At first, the metal-insulator-metal (MIM) nanostructures are constructed, as shown in Fig. 2(a) [74]. It could be observed from the bottom to upper layers that such configuration typically contains a layer of metal, a thin layer of insulator, and a nanostructured metal layer on the top. Plasmonic top layer contains randomly or orderly distributed plasmonic nanostructures, and gratings or arrays can be fabricated by different techniques, such as self-assembly of chemically synthesized nanoparticles [74,75], sputter deposition of porous metal layer [76], transfer printing [77], laser writing [78,79] or standard top-down nanofabrication processes [80–82]. Light in the broadband can be confined by the following principles: (1) when light reaches on the surface of small metal nanostructures which have large absorption cross-section, the scattering behavior of light is suppressed and most of the light distributed in the LSPR band is absorbed by those plasmonic nanostructures and finally converted into heat; (2) LSPR band of dense aggregation of plasmonic nanostructures with gaps of a few nanometers becomes wider and shifts to the longer wavelength range; and (3) Fano resonance and multiple reflectances of light between the top and bottom metal layers localize more light which further increases the light absorption length.

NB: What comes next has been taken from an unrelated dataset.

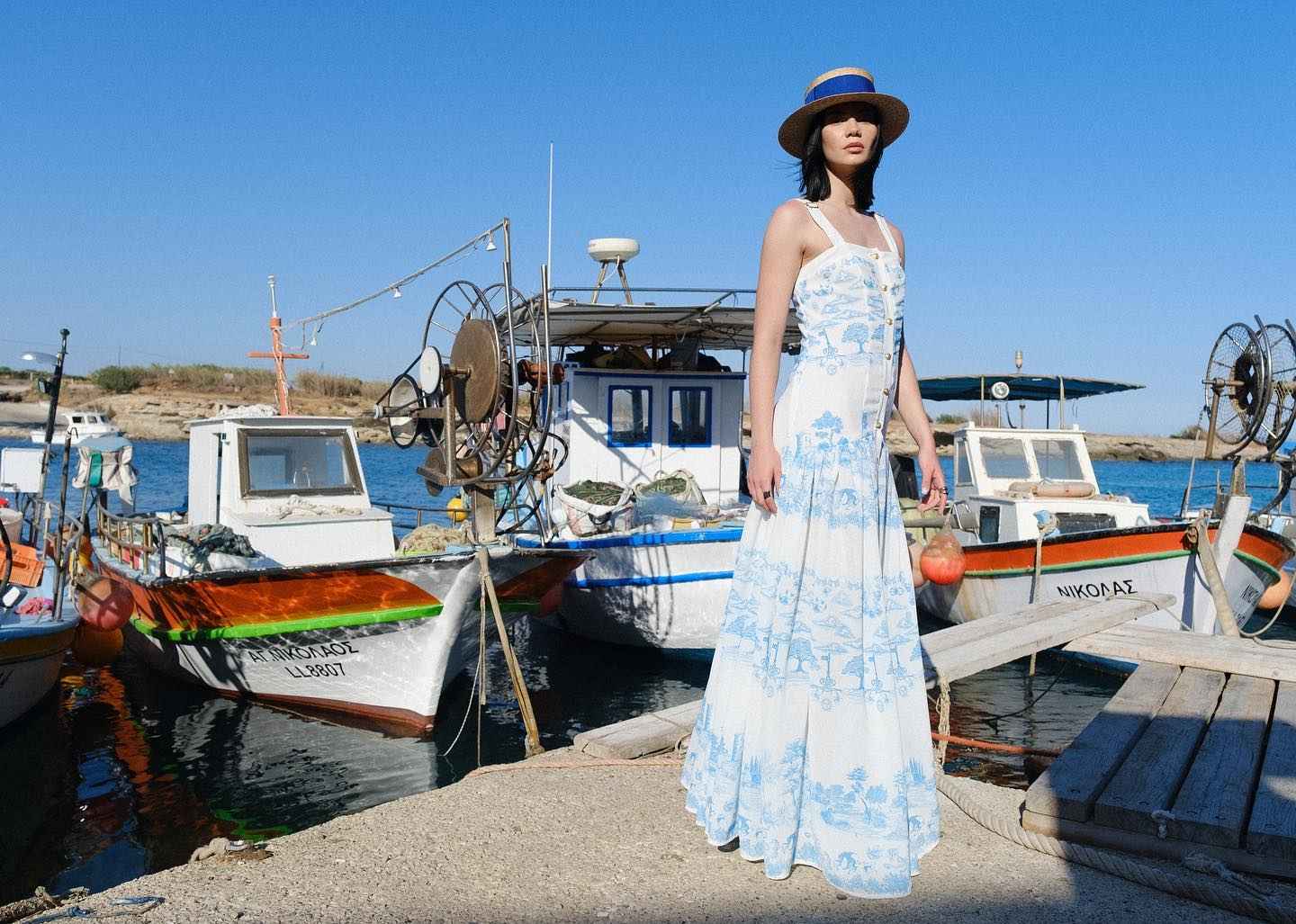 Woman in a floral dress standing on a dock with boats in the background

MIM structure based on Au nanoparticles with a size distribution around 5 nm demonstrates a wide absorption band with a reflectance of less than 10% in the range 400 to 750 nm [74]. However, the absorption decreased in the longer wavelength range, which is far away from the LSPR band of Au nanospheres or nanodisks [74,76,83].
To extend the absorption of MIM configuration, anisotropic plasmonic nanostructure arrays [75,84] or randomly distributed nanoworms [76,78] based top layers were studied, which shows a broader absorption band extending to over 1 µm. By tuning the topological surface of the plasmonic structures, the absorption band was further extended to a broader range [81,85‒89]. An increase in the multiple periods of insulator-metal layers [90,91] also demonstrated to be an effective way to enhance the absorption further and extend the bandwidth of light. The broadband absorption principle of MIM configuration works well not only for thin-film devices but also is valid in the nanoscale. Ho et al. established Au film supported dumbbell Au/TiO2 nanocavities with broader absorption in the visible region (500‒900 nm), which was resulted from the synergetic effects of LSPR of Au nanorods and d-band transition of Au film [92].

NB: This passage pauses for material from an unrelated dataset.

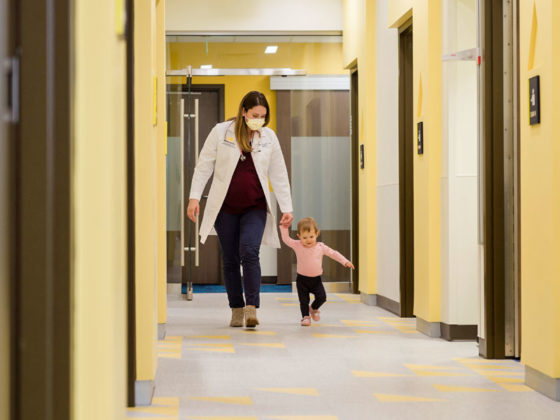 U M Health West pediatrician walking toddler down hallway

Different from the MIM structures, plasmonic structures constructed by randomly distributed metal nanoplate aggregation [93], nanoflowers [79,94], nano-branches and nano-meshwork [95] can also confine broadband lights from visible to near-infrared ranges. The morphological features of such plasmonic structures are more complicated as compared to elemental nanostructures with uniform size and shape. Therefore, they have multiple LSPR bands and many hot spots, which are also highly dependent on their complicated and anisotropic structures [93,95]. This could be the probable reason for their localization of light in a much broader wavelength range compared to smaller nanoparticles. Such randomly distributed nanostructures are easily obtained during the chemical synthesis of anisotropic nanostructures with a much higher density of chemicals than under conventional synthesis conditions. When the nucleation and crystal growth occur very fast during synthesis, it leads to aggregation or linked nanostructures, which appear as black color in the solutions [93,95]. Similarly, metal nanoframes [96] with mixed geometry parameters, nanostars [94,97] having multiple tips, nanospheres with rough surfaces [82], thin metal layers containing random pores [98] can also be used to construct broadband absorbers having excellent light confinement and photothermal conversion effect in a wider range. Apart from the above chemical synthesis method, other low-cost techniques have also been demonstrated, which are suitable for the fabrication of broadband absorbers. Piragash et al. demonstrated wet chemical etching as a practical approach to fabricate porous metasurfaces with a broadband absorption from 400 to 800 nm [99]. Fan et al. reported that disordered cauliflower-shaped hierarchical nanostructures on the copper surface with a rather broad range from 200 to 2000 nm could be fabricated using a one-step laser direct writing approach [79].
Other interesting strategies of plasmonic absorbers include the construction of various plasmonic nanostructures with different light confinement configurations and mechanisms [16,89,90]. The structured surface composed of multi-period anisotropic sawtooth arrays showed that it could effectively trap light covering the mid-infrared range (absorption>86% in the range of 3‒6 mm) [90]. In this configuration, the gradual effective indexes of the structured surface suppress backscattering. ‘Slow-light’ waveguide modes arising from the vertically stacked plasmonic condensers with different widths promoted the absorption of light with different wavelengths. It was also demonstrated that subwavelength plasmonic concentrators based on gap trapping effect existing on the adjacent surface plasmon polaritons waveguides could trap light in an extreme broadband range from 400 nm to 17 µm [89].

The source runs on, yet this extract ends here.